Le tribunal cependant ne veut pas écouter la famille de la victime qui ne demande pas la peine de mort. "Quand une famille veut se remettre de traumatismes pareils, l’exécution du meurtrier n’est pas un soulagement, au contraire", dit-elle. Contrairement à l'opinion publique, les proches des victimes comprennent souvent mieux que la ligne entre le bien et le mal n’est pas toujours aussi tranchée. "La peine de mort est surtout défendue par ceux qui se croient eux-mêmes exempts de tout mal", dit Norlihan. "Ils croient pouvoir isoler le mal dans la société avec l’exécution du coupable. Mais c'est un leurre! Personne n’est parfait, tout le monde fait des erreurs.
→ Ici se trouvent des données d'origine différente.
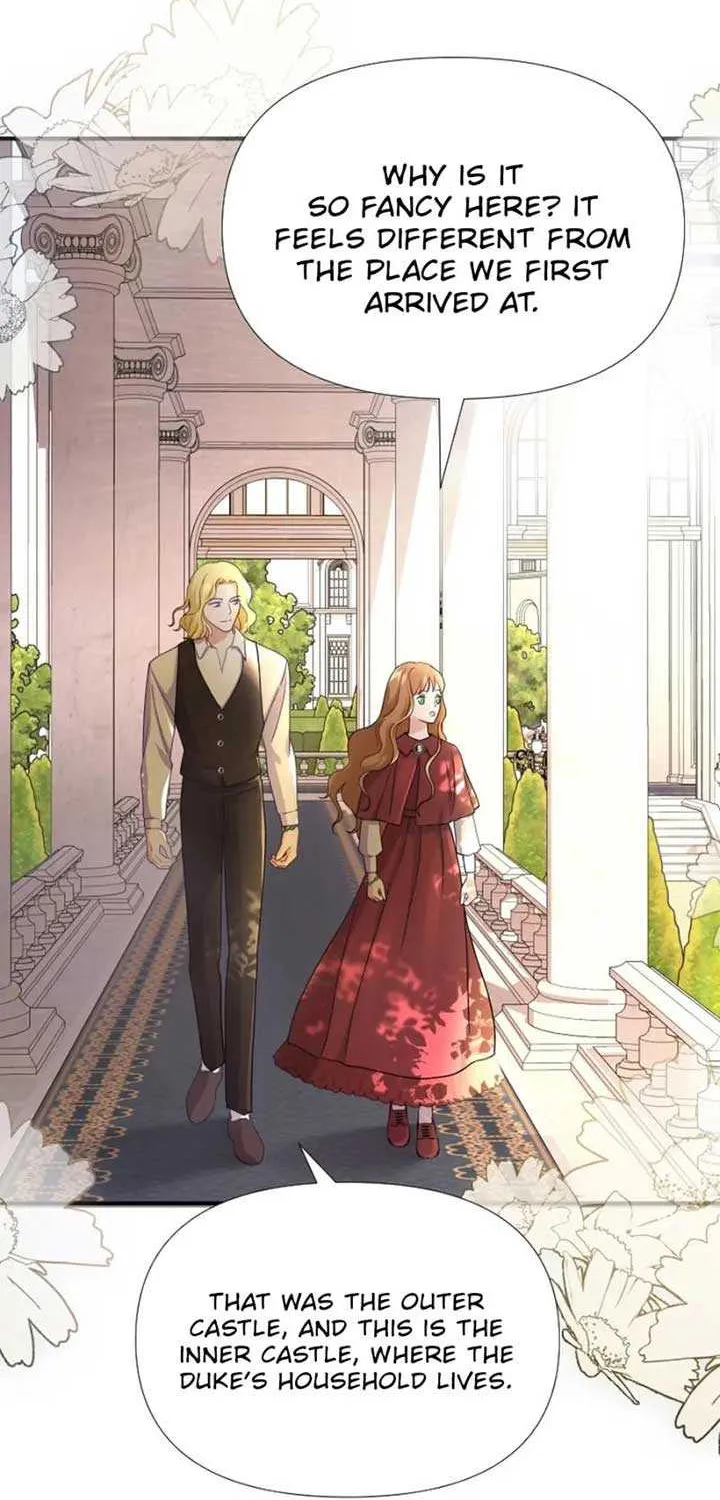 Choose Me, Flora Chapter 24 page 61 -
Et croyez-vous vraiment qu’un meurtrier, par exemple, réfléchit si oui ou non il court le risque d’être exécuté quand il commet son crime ? Non, son acte est souvent très impulsif."
Trafiquant de drogue
La peine de mort n’est donc pas un bon moyen de prévention, elle n’est pas non plus la solution aux problèmes de la société. En Malaisie, les trafiquants de drogue sont pendus. "Les autorités font comme s’il n’y avait pas de drogues dans la société et que le fléau pourrait être arrêté une fois tous les trafiquants exécutés. Mais cela n’est pas le cas; souvent, c’est même en prison que les détenus deviennent assujettis à la drogue", explique Norlihan.
Mais le chef de l’État malaisien n’avait-il pas annoncé récemment vouloir abolir la peine de mort ? L’avocate craint que cette annonce demeure lettre morte. "La discussion a été déléguée à une commission, qui est surtout peuplée de partisans de la peine de mort. Comme d’habitude, ils vont constater que la peine de mort est conforme aux prescriptions de l’islam." Les mots sont tombés: les prescriptions de l’islam. "Attention", souligne la spécialiste malaisienne, "le droit pénal dans mon pays est séculier et n’est pas dérivé de la sharia. Cette discussion ne devrait donc même pas avoir lieu. Par ailleurs, dans un contexte islamique, certains crimes - comme par exemple le meurtre - ne doivent pas mener automatiquement à l’exécution de la victime. Même la loi du talion – "Œil pour œil, dent pour dent" - prévoit la possibilité d’une compensation à la famille de la victime, à condition que le coupable admette sa faute et que la famille de la victime accepte la compensation."
Suzana Norlihan Alias est donc convaincue qu’il faut lutter pour l’abolition de la peine de mort, même dans des pays à majorité musulmane. Il est important que le message porté par cette femme courageuse puisse aussi être entendu dans nos contrées.